If it was an image, not really, Henk.
Think of the screen as an X and Y coordinate system. In my imaginative coding thoughts it would sound like this: if the mouse is positioned and hold down at x=450 and y=213 (as screen pixel values) and if moved and increased value x, do this, if y is decreased to something else, etc.
If it was a little dummy model, things are differently. I preferred to answer the initial question with the image idea, as I remembered you other question about “how to set an logo in the GUI in the right lower corner. Edit: Rick confirms that it was a polygon Proxy, with that it was somewhere in 3D space, not stationary as in “Image on Foreground”./edit
To do that with a foreground object (or for better readability of the scene as back-ground object) seems way less problematic than to have a model connected to the camera.
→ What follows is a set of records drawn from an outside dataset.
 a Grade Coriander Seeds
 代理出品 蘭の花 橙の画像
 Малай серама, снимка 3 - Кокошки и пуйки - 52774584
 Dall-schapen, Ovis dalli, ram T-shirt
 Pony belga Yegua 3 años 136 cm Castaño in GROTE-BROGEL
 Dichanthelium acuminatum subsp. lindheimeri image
Which would cause trouble while changing the filed of view, the lens distortion (physical render) or by just switching from one camera to the next).
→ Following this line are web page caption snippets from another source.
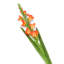 Silk Iris Arrangement-31151100-31151102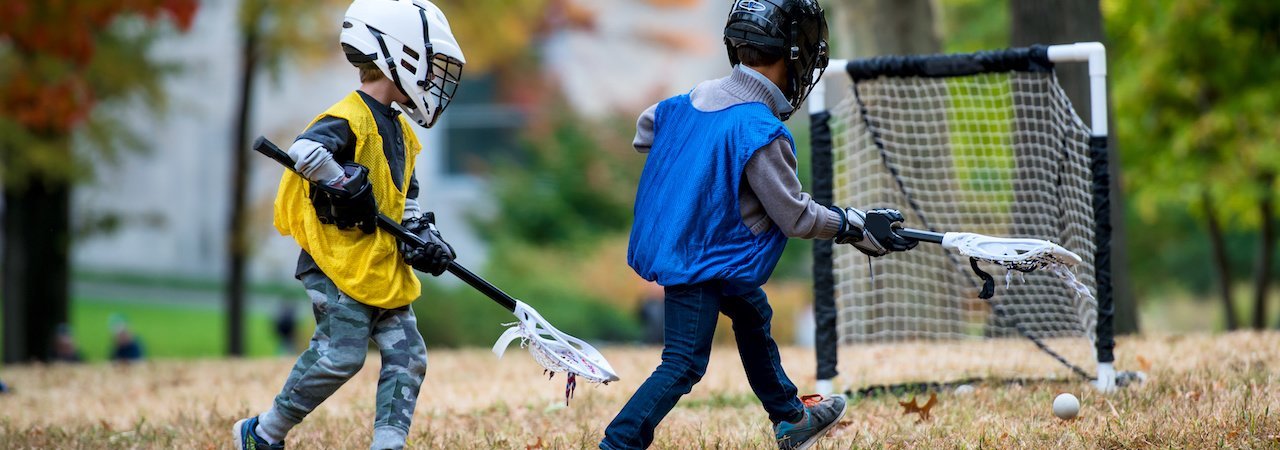 5 Best Lacrosse Goals Feb 2020 Bestreviews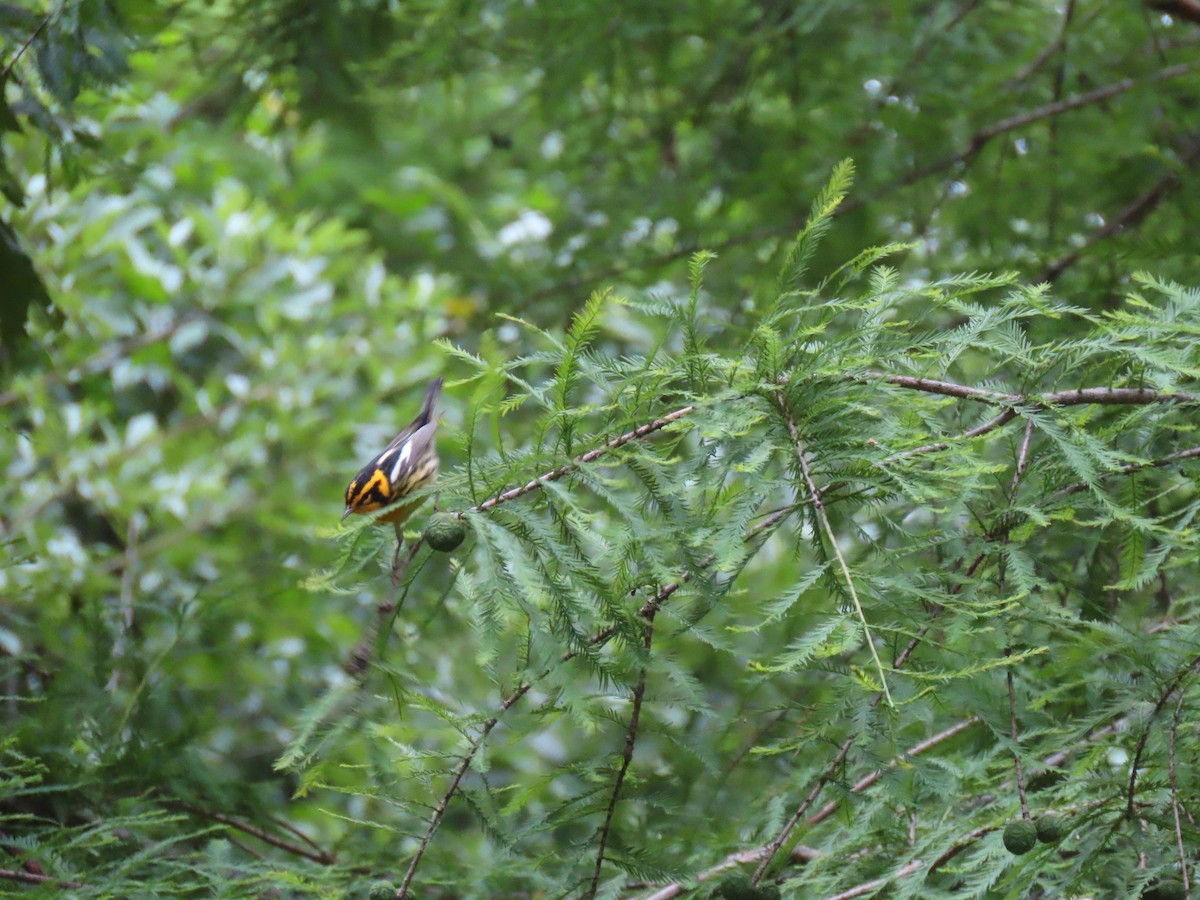 Blackburnian Warbler - ML619290468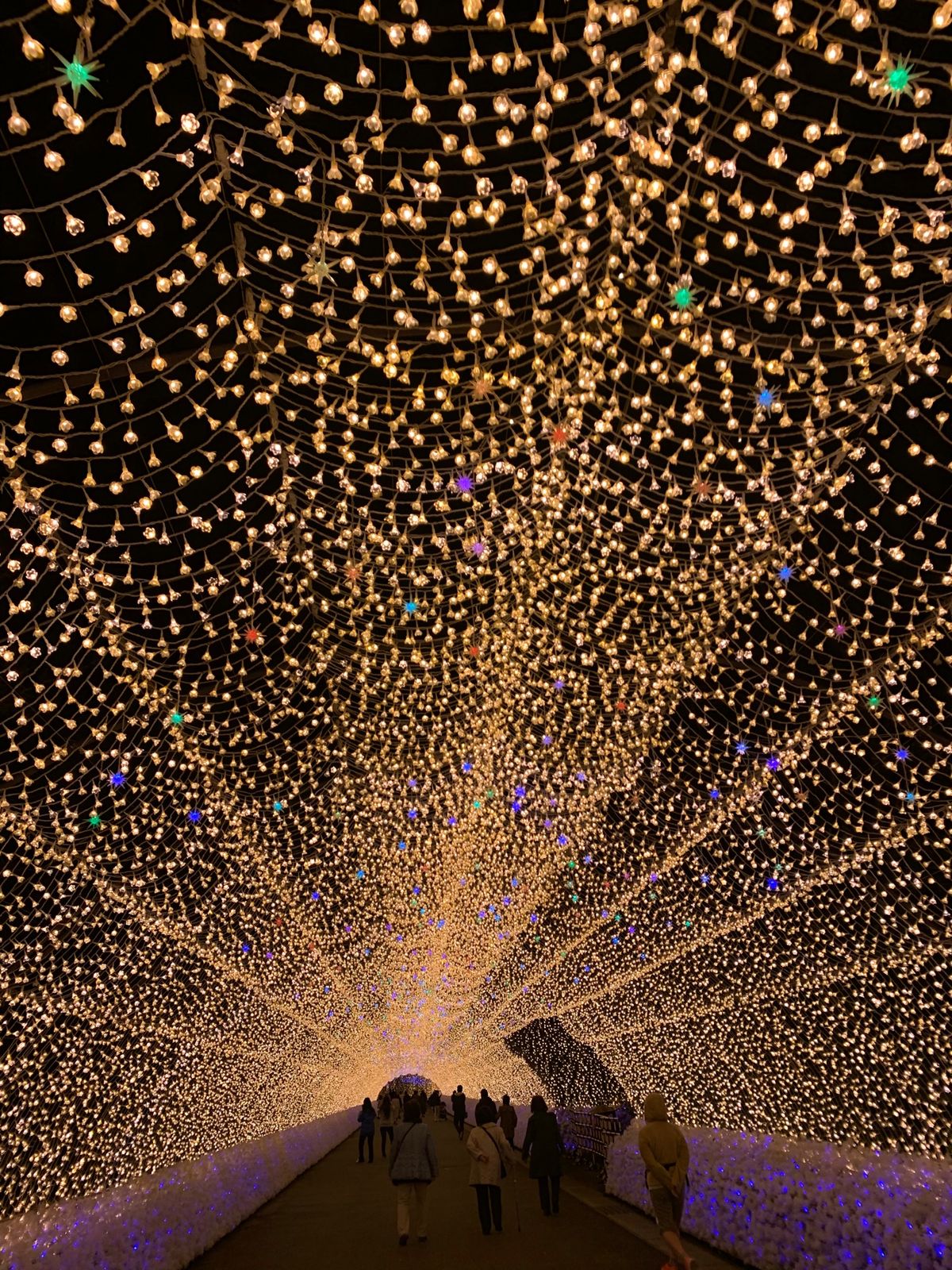 スチールドラゴン(・∀・)こ、こわー！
Solutions should hold less new problems than they solve, right? based on that, my reply above.
BTW, I remember that some people used a while ago software that places a “layer” over the current running app, so one is able to paint/draw on top of the GUI. How much this works these days against the GPU power, I have no idea. I try to keep the demand on my machine as low as possible. But that might be different for everyone, as I think that we have very fast machines these days, but some even complain while having 100 times the horse power than ILM had doing the first three Star Wars movies.